Optional Practical: Angle of slope
In this practical the acceleration of a cart down a slope will be measured for different slope angles. By plotting a graph of the results a value for the acceleration due to gravity will be determined.
What is the relationship between the height of a slope and the acceleration of a cart rolling down it?
Independent variable: The height of the slope (h)
Dependent variable: The acceleration of the cart (a)
All properties of the cart
Nature of the slope
Path of the cart
Length of the slope (L)
- Set the motion sensor up on the end of the inclined track as in the photo.
- Plug the motion sensor into one of the digital inputs of the interface
- Plug the interface into the power supply and connect it to the computer via the USB port.
If using data studio:
If using LoggerPro:
If using a Smart cart and capstone
When a cart travels down a slope its acceleration is equal to the component of g down the slope (ignoring friction and air resistance).
a = gsinϑ
where sinϑ = h/L
By measuring the acceleration for different slope heights show that a=gh/L and calculate a value for g.
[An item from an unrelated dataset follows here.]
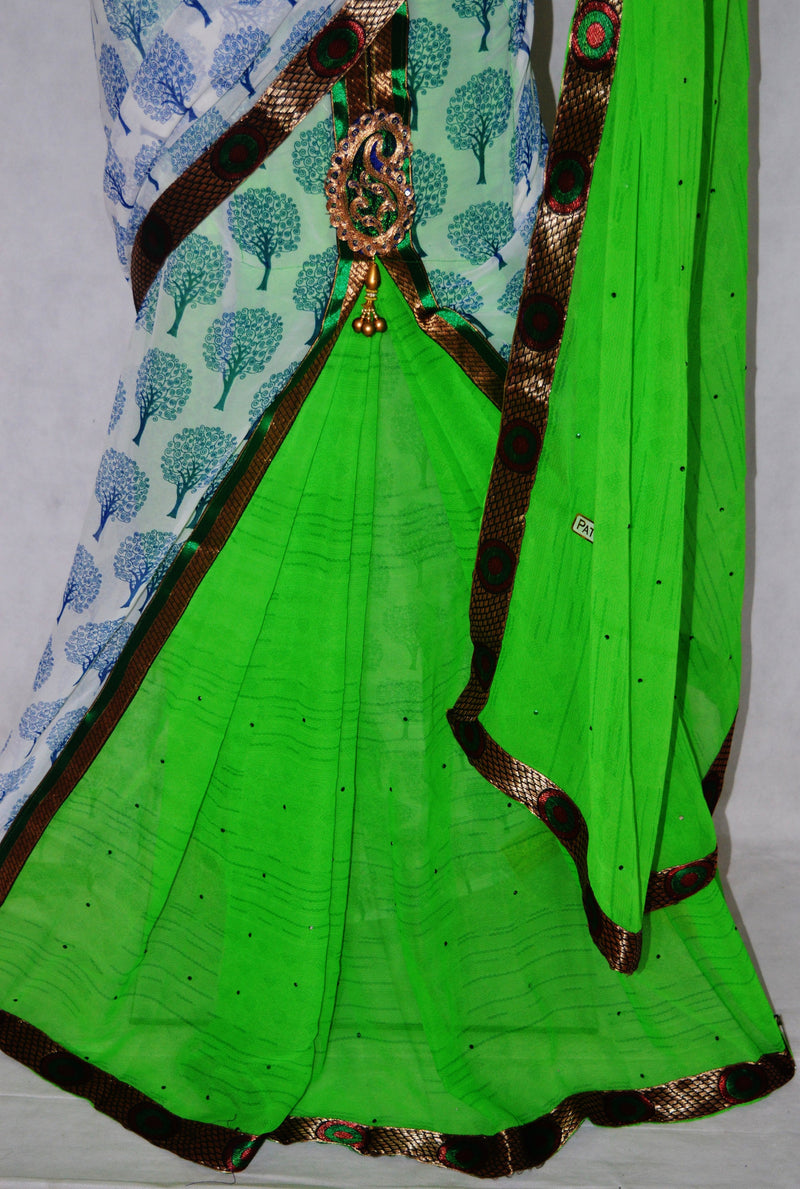 White & Bright Green Party Wear One Minute Saree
The raw data is in the form of a v-t graph so include a screen shot of one of these in you report. Measure the acceleration for a range of h values and enter them into a table like the one below. If you have time repeat each measurement 4 times.
Estimate how well you can determine the uncertainty in h.
Estimate the uncertainty in a by thinking how well you can judge the gradient of the best fit line. The spread of data will give a better idea of the uncertainty and it is this that you will use on the graph. Write the justification of uncertainties under your table.
The processing in this experiment is quite simple. Just find the average value for a and its uncertainty from the spread of data (max-min)/2. Your spread sheet should be like the one below:
Reduce the significant figures of the uncertainty to 1 and then the decimal places of Av. a to the same number as the uncertainty.
- You are going to plot a vs h in Logger pro so copy and paste these columns into the LoggerPro table. You will also need the unc. in a so create another column (Data – new manual column) and paste that too.
- Add relevant headers and units by double clicking the header and filling in the details.
- Display error bars on the points by double clicking the header and choosing the options tab. The error in h is fixed but you will use your 3rd column for a.
- Place steepest and least steep lines using the manual option under curve fit.
- Calculate the gradients of the lines and quote them under the graph.
Conclusion and Evaluation
- a = gh/L so the gradient of the line = g/l Calculate g from the gradient of the best fit line.
- Calculate the uncertainty in g from the steepest and least steep lines
- Compare your value of g to the accepted value.
Use you graph to deduce which measurement had the biggest uncertainty
- Do the error bars reflect the actual spread of data?
- Is the intercept (0,0)?
- Was the relationship linear?
- Does there appear to be a non linear trend.
Try to explain any irregularities in the graph by considering the method, you can also look at the raw data table for more evidence.
- Did air resistance or friction cause any problems?
- Were there any problems with the apparatus?
- Were the controlled variables kept constant?
Suggest ways that the set up could be improved to address the weaknesses suggested in the evaluation.